Hippias represented his hometown of Elis on official missions. He became wealthy traveling to various Greek cities, including Athens, and lecturing on all sorts of topics including at the Olympic festivals (which were held in his hometown). He would encourage the audience to ask him any question and he would answer it. He also had a great memory and could remember 50 names after only hearing them once, and taught mnemonics as a part of his curriculum.

His knowledge was so broad, he is said to have written in every literary form known at the time including pic poetry, tragedy, dithyrambs and orations (speeches). He is also said to have made everything he wore. He is also credited with the discovery of the quadratix, a curve that allows an angle to be divided in three parts, which was used in attempts to “square the circle” (i.e. create a square with the same area as a given circle). He also started the doxographical tradition (recording what others said or did) by writing down the names of the victors at the Olympic games, which gave the Greeks a way of dating events.

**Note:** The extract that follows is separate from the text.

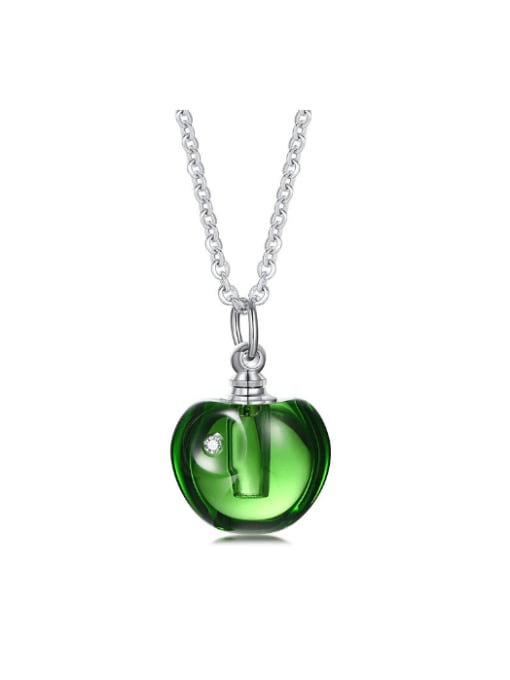 Green 50CM chain distribution Stainless steel Glass Stone Friut Minimalist Necklace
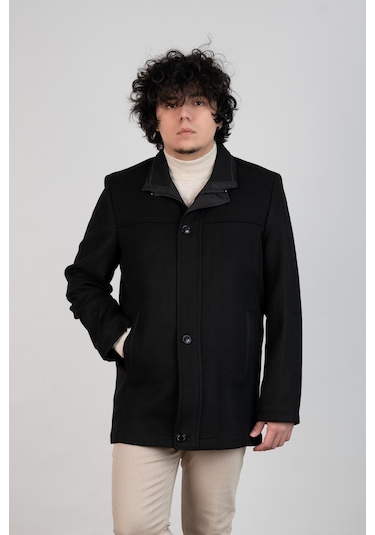 Yakalı Klasik Kesim Fermuarlı Kaşe Erkek Kaban Siyah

Hippias also stressed the difference between human laws and conventions (nomos) and the laws of nature (physis). Like Antiphon, he believed that human laws do an injustice to nature, for example, the despotic (tyrannical) government in Sparta. Unlike the different laws that humans come up with, he saw physis as uniting all people. In this way, he saw physis as a way of creating a morality that applies to all people, in contrast to the particular conventions of this or that city (polis). He believed that the good and wise people throughout Greece should see themselves as citizens of the same state (pan-Hellenism), a principle which would influence Roman law. In this way, Hippias moved beyond the specifics in order to grasp a larger picture.